With Proxmox i have seen the strangest behaviour ever for a Linux system. From packages not installing correctly during installation to uploads suddenly not working (after reinstall) to VMs not shutting down.

I am at the point i have downgraded the BIOS (since it was running on a BETA bios) and reinstalled proxmox. Now it is worse.

apt upgrade resulted in an upgrade of apt and libc ... now the system throws segfaults on apt and the entire system slows to a drag.

Not sure what to do next really. I am at a loss to explain why this is so hard and riddled with bugs.
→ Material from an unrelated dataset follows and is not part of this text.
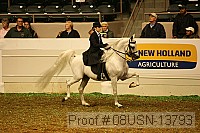 08usn-13793 proof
Both Debian and Qemu work fine when i use them manually.

= = = segfaults = = =

apt download net-tools (because regular apt install not working due to broken package)
dpkg -i net-tools

sudden notification of show_signal_msg: 6 callbacks suppressed
perl[3858]: segfault at 55730bde788e ip 000055730aa39605 sp 00007ffe9d3911a8 error 6 in perl[55730a96a000+15d000]
followed by preproxy worker segfault repeating three times

repeat of dpkg -i net-tools does not repeat segfault

systemctl restart pveproxy
causes a dump of BUG: Bad page map in process pveproxy worker pte:80000007fc874867 pmd:786c78067
followed by a long listing of debugging information
 
Last edited:
That's strange.

Proxmox is really a debian10, but the kernel is ubuntu 5.4 kernel. (and maybe zfs is you use it).

can you try with last ubuntu to see if it's a kernel bug ?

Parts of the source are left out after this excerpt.